## Your goal
Your answer should be an exact copy of the data.

## Material to process
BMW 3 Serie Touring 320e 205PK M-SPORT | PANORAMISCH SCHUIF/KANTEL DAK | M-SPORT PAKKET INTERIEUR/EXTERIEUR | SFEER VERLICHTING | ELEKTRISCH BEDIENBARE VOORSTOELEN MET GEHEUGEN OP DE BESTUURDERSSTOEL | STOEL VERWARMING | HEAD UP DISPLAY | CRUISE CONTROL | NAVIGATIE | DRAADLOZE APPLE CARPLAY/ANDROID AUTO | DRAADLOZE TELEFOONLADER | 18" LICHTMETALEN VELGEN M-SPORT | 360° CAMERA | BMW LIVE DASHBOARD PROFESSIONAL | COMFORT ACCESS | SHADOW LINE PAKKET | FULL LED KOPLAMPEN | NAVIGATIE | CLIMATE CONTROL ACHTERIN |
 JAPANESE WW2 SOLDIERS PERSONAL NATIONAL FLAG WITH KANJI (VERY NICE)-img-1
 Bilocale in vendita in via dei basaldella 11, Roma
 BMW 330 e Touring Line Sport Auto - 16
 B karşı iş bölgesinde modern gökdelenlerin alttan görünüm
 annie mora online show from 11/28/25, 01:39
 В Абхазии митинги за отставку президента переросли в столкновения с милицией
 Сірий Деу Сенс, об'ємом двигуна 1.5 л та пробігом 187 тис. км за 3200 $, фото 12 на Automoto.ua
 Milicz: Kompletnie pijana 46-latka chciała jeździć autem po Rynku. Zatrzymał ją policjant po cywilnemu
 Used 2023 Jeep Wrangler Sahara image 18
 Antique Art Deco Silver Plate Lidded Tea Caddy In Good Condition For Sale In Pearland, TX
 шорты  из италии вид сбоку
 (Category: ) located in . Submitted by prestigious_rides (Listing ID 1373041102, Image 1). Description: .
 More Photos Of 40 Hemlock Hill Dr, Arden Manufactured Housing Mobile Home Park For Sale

## Response area
BMW 3 Serie Touring 320e 205PK M-SPORT | PANORAMISCH SCHUIF/KANTEL DAK | M-SPORT PAKKET INTERIEUR/EXTERIEUR | SFEER VERLICHTING | ELEKTRISCH BEDIENBARE VOORSTOELEN MET GEHEUGEN OP DE BESTUURDERSSTOEL | STOEL VERWARMING | HEAD UP DISPLAY | CRUISE CONTROL | NAVIGATIE | DRAADLOZE APPLE CARPLAY/ANDROID AUTO | DRAADLOZE TELEFOONLADER | 18" LICHTMETALEN VELGEN M-SPORT | 360° CAMERA | BMW LIVE DASHBOARD PROFESSIONAL | COMFORT ACCESS | SHADOW LINE PAKKET | FULL LED KOPLAMPEN | NAVIGATIE | CLIMATE CONTROL ACHTERIN |
 JAPANESE WW2 SOLDIERS PERSONAL NATIONAL FLAG WITH KANJI (VERY NICE)-img-1
 Bilocale in vendita in via dei basaldella 11, Roma
 BMW 330 e Touring Line Sport Auto - 16
 B karşı iş bölgesinde modern gökdelenlerin alttan görünüm
 annie mora online show from 11/28/25, 01:39
 В Абхазии митинги за отставку президента переросли в столкновения с милицией
 Сірий Деу Сенс, об'ємом двигуна 1.5 л та пробігом 187 тис. км за 3200 $, фото 12 на Automoto.ua
 Milicz: Kompletnie pijana 46-latka chciała jeździć autem po Rynku. Zatrzymał ją policjant po cywilnemu
 Used 2023 Jeep Wrangler Sahara image 18
 Antique Art Deco Silver Plate Lidded Tea Caddy In Good Condition For Sale In Pearland, TX
 шорты  из италии вид сбоку
 (Category: ) located in . Submitted by prestigious_rides (Listing ID 1373041102, Image 1). Description: .
 More Photos Of 40 Hemlock Hill Dr, Arden Manufactured Housing Mobile Home Park For Sale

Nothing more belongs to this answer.